Larry Cohen (July 15, 1936 – March 23, 2019) wrote for TV and movies, with TV shows dominating his early career--mostly crime and cops but also an alien invasion show called The Invaders, which he described as The Body Snatchers about the Black List.
He moved into movies with an inauspicious debut Return of the Seven (a sequel to the classic Western, The Magnificent Seven). While that bombed with audiences and critics, later movies grew strange. Perhaps he was constrained by budgets, perhaps by an imagination formed by TV, but the ideas are often small. Most of his movies on IMDB fell around 6/10--with a few falling below.

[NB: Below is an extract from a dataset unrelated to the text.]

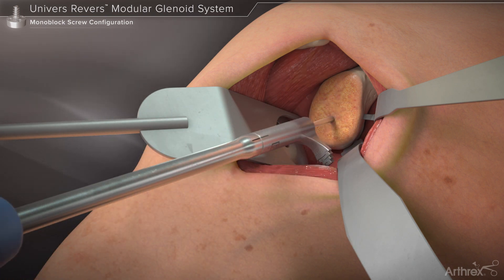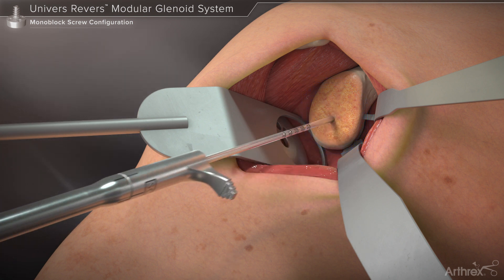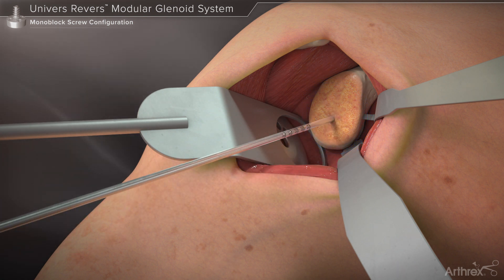The glenosphere sizing guide may then be placed over the guide pin to visualize the location of the inferior most rim of a chosen glenosphere size. Each step in the guide corresponds to a size of glenosphere offered within the modular glenoid system. If determined that the position of the glenosphere is not ideal, the surgeon may remove the pin and reposition it.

One movie Phone Booth was rather impressive because of its limited scope: The setting is a phone booth. An agent is trapped in a phone booth by a gunman. It is his highest rated, and I'd recommend it. Despite the limitations (or because of them), it feels like a movie of some ambition. If this had been his career, his motives would have been clear and traditional.
However, for most of his career, he wrote B-movies. They seemed to hearken back to the older B-movies. They were both serious and not. Certainly, there were no jokes, but the situations were over the top.
One of these, a friend tipped me off to: The Stuff. Frankly, I'd never heard of any of Cohen's movies, ever. And you can see why. They aren't ambitious in a tradition way, yet confidently aimed at the small. In The Stuff, we have a yogurt-like substance found emerging from the ground near a mining facility. The material seems to take over people mentally and, eventually, bodily.
My friend thought it was written in fear of yogurt which, after being in the country thirty years up until then, had taken America by storm after a commercial touted the possibility of longevity if one ate it (a history of Yogurt in America). To me, the movie was driven more by the SF impulse: industrial phony products mimicking the real thing since there were other yogurt products that were not attacked as the culprit, but just this problematic brand (I can't find the article, but there were questions in the press about products claiming to be yogurt, but were not). Although in an interview, Cohen seemed to suggest that my friend's theory was closer to the truth, I still like my interpretation better.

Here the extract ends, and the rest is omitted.